The FORS blood group system (originally recognized as the Apae phenotype) was discovered by sporadic activity against polyclonal anti-A reagents and activity against the lectin Helix pomatia. The extent of monoclonal anti-A reagent activity against the FORS1 antigen is serologically and immunochemically incomplete.

Study Design and Methods

In the absence of natural FORS1-positive red blood cells (RBCs), kodecytes were created with synthetic disaccharide and pentasaccharide Forssman function-spacer-lipid (FSL) constructs, Fsdi-kodecytes, and FORS1-kodecytes, respectively. FSL constructs were also applied to solid surfaces and used in solid-phase enzyme immunoassays. A range of characterized monoclonal anti-A and anti-B reagents were then serologically and immunochemically characterized against these Forssman antigens. Polyclonal human anti-A, anti-B, the lectin H. pomatia serologic reagents; and canine RBCs were used as serologic controls.

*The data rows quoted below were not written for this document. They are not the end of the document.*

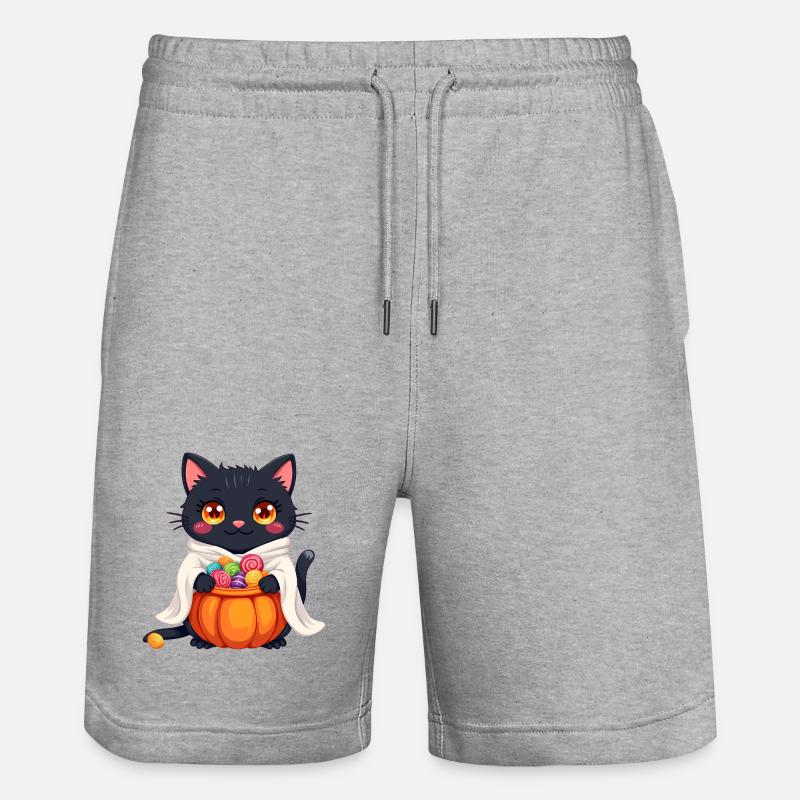 Chat d’Halloween avec citrouille d’Halloween - Short de jogging bio TRAINER Stanley/Stella unisexe - gris chiné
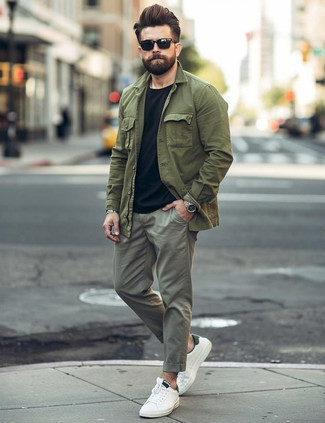 Olive Military Jacket · Black Crew-neck T-shirt · Grey Chinos · White Leather Low Top Sneakers · Black Sunglasses · Silver Watch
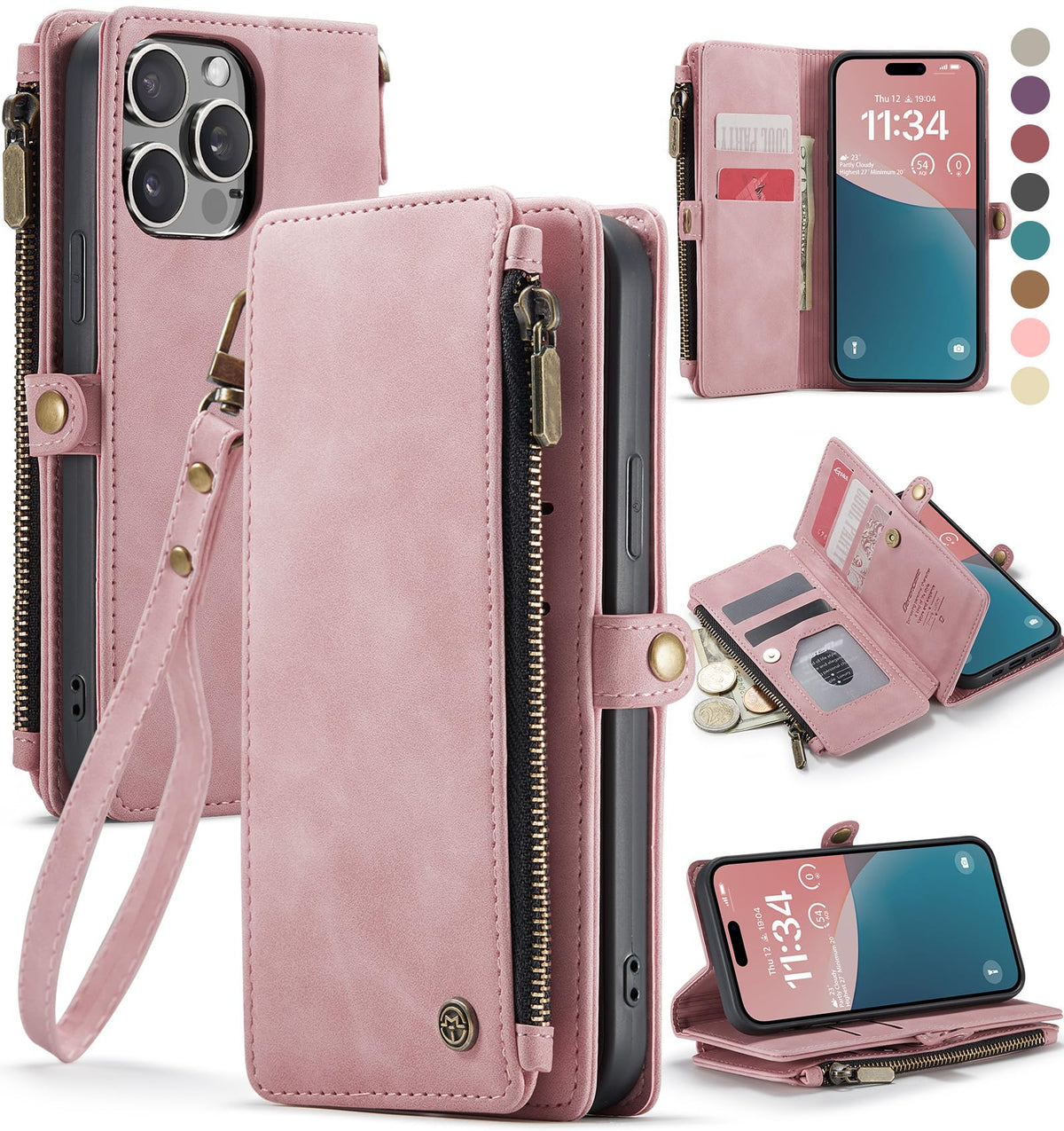 Defencase Compatible With Iphone 12/Pro Case Wallet With Rfid Blocking Card Holder For Women Men, Pu Leather Magnetic Snap Flip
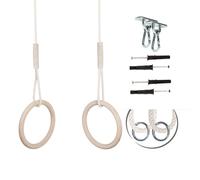 MAMOI® balançoire trapèze, anneaux de gymnastique en bois, équipement de gymnastique pour enfants à l'intérieur et à l'extérieur, balançoire anneaux, gymnastique avec balançoire en bois, anneaux de gy
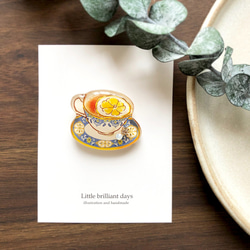 Teacup brooch -lemon-｜レモンティーカップブローチ 4枚目の画像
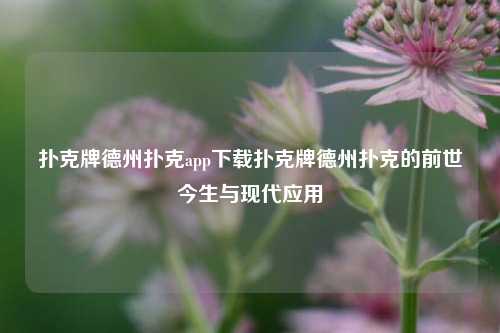 扑克牌德州扑克app下载扑克牌德州扑克的前世今生与现代应用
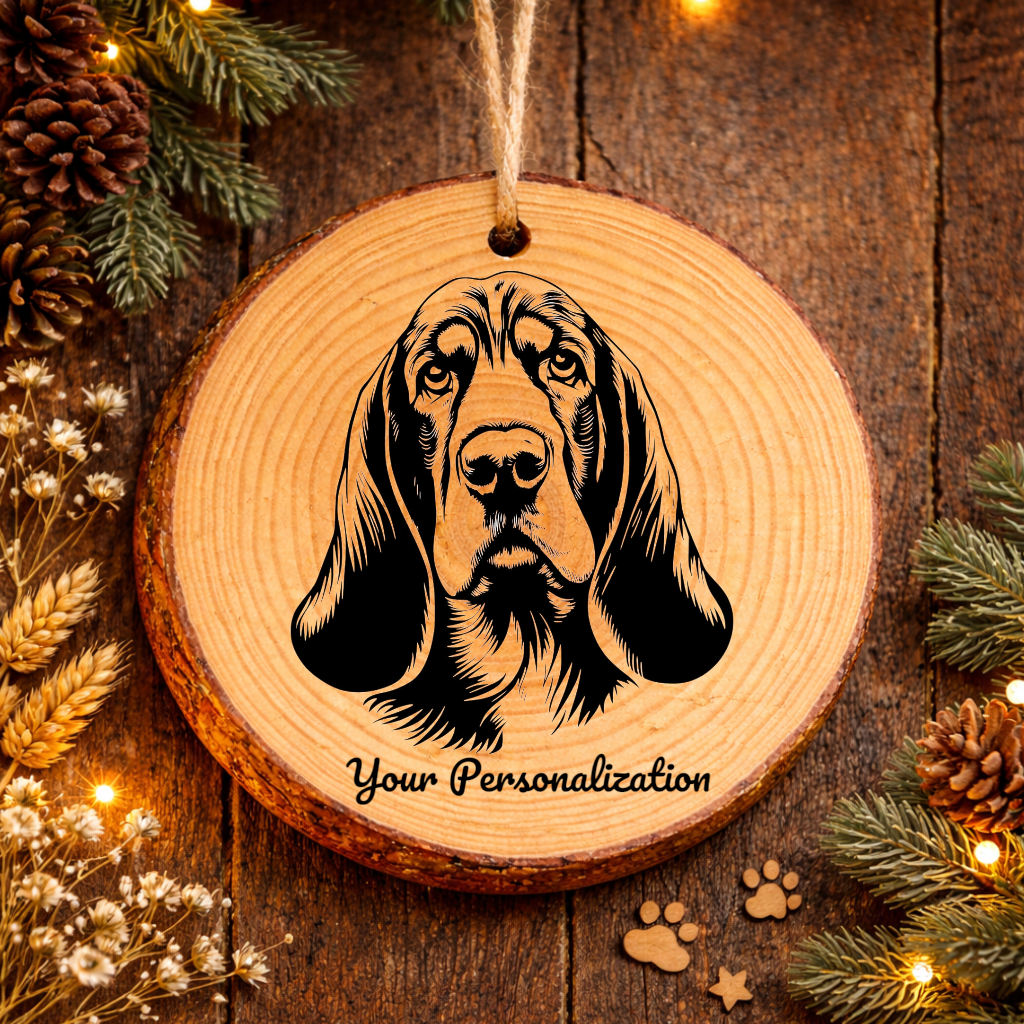 Basset Hound Dog Ornament – Rustic Wooden Keepsake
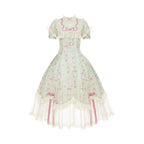Wind Swept Roses - Classic Lolita Rose Printed Dress Set, Petal Hem - image 3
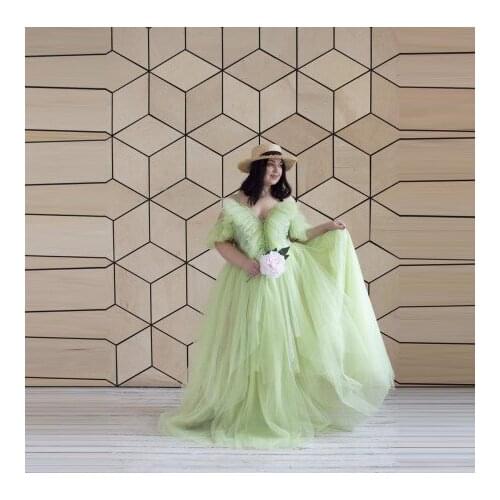 Chic Tulle Photo Shoot Dresses For Pregnancy Bridal Cap Sleeves Puffy Tiered Custom Made Plus Size Maternity Gowns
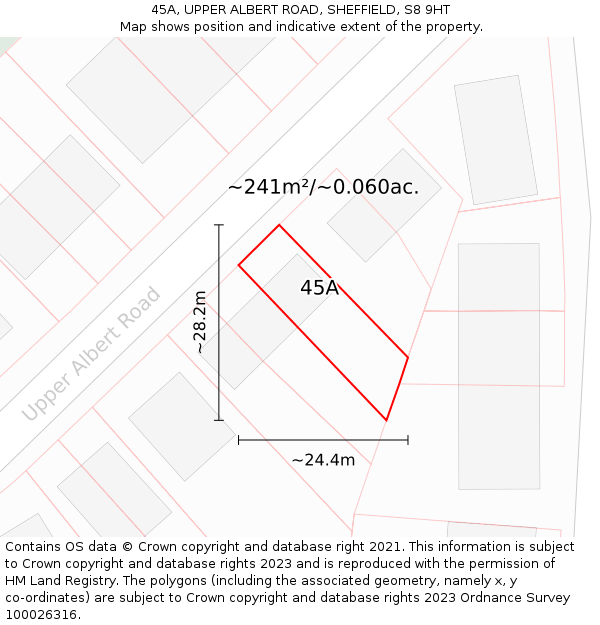 45A, UPPER ALBERT ROAD, SHEFFIELD, S8 9HT: Plot and title map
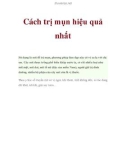 Cách trị mụn hiệu quả nhất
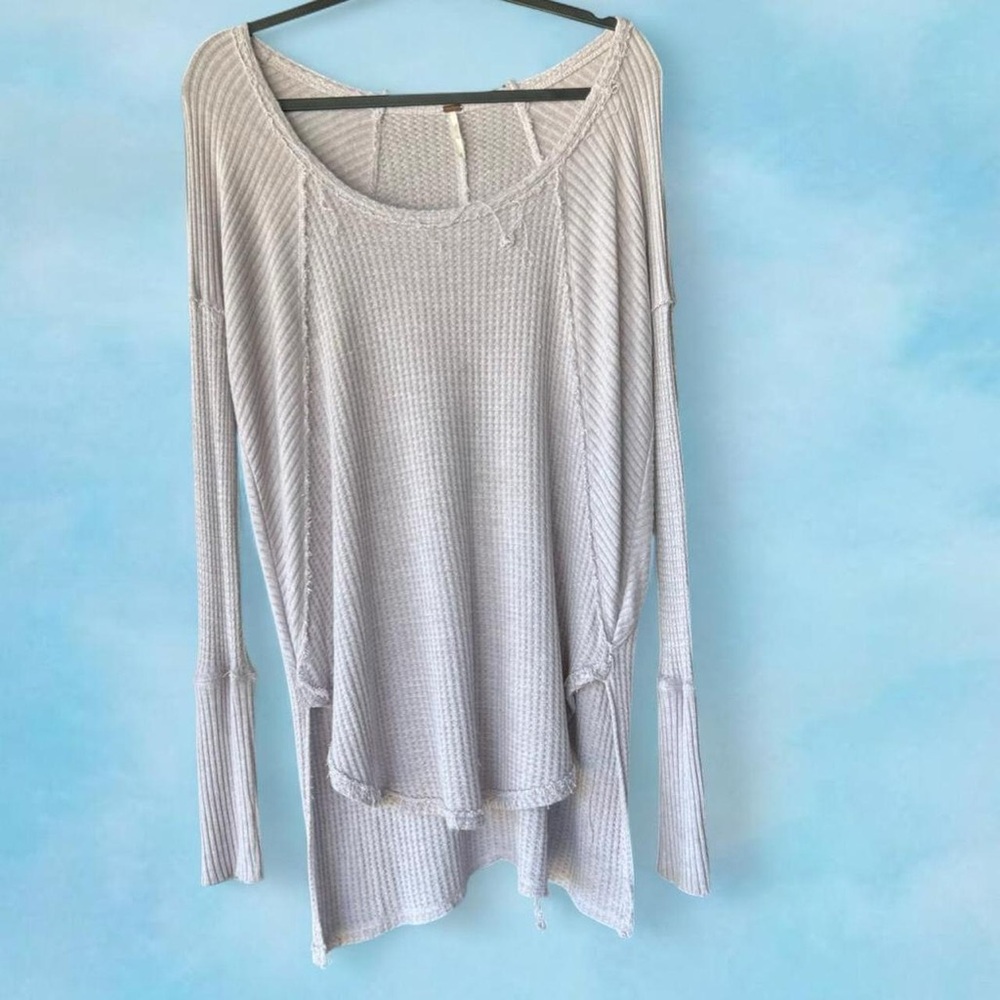 Free People Pink Distressed Knit Top Boho Style
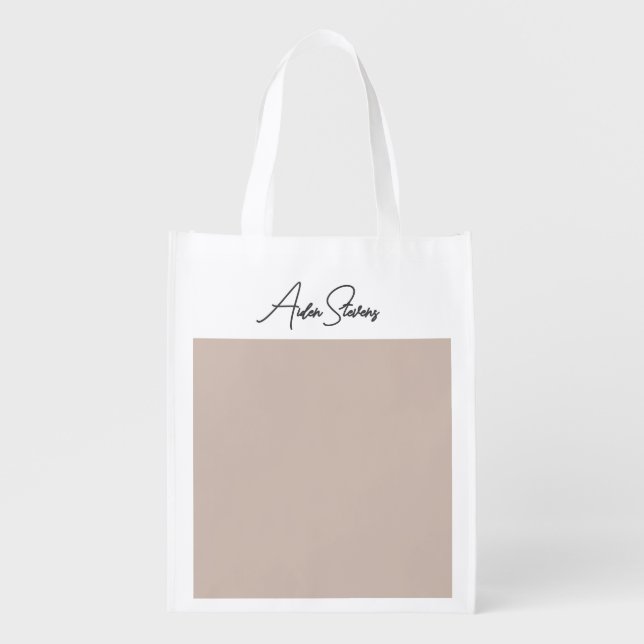 Stylish Simple Plain Handwriting Minimalist Name Grocery Bag (Front)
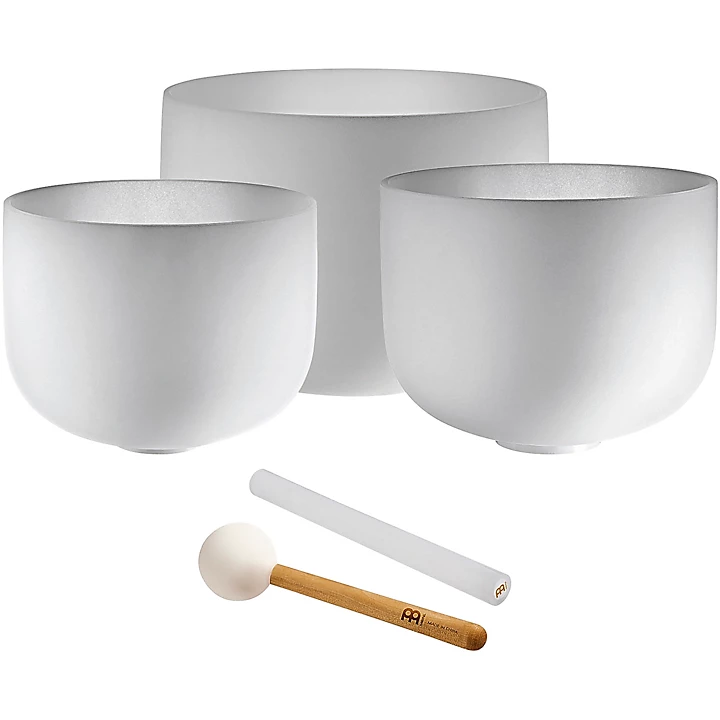 MEINL Sonic Energy 3 Piece Crystal Singing Bowl Set, A4/F4/C4, 432 Hz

None of 19 different monoclonal anti-A reagents were able to detect the pentasaccharide Forssman on FORS1-kodecytes, while three reagents were able to detect disaccharide Forssman on Fsdi-kodecytes. Most anti-A reagents were immunochemically reactive with both the di- and the pentasaccharide Forssman antigens in the solid-phase assays. Historic polyclonal human anti-A and the lectin H. pomatia reacted strongly with the FORS1-kodecytes, correlating with the discovery of the Apae phenotype and supporting the use of FORS1-kodecytes as FORS1 surrogates.


Monoclonal anti-A reagents, despite showing reactivity against the FORS1 antigen in solid-phase assays are unlikely to cause the agglutination of FORS1 antigen–positive RBCs.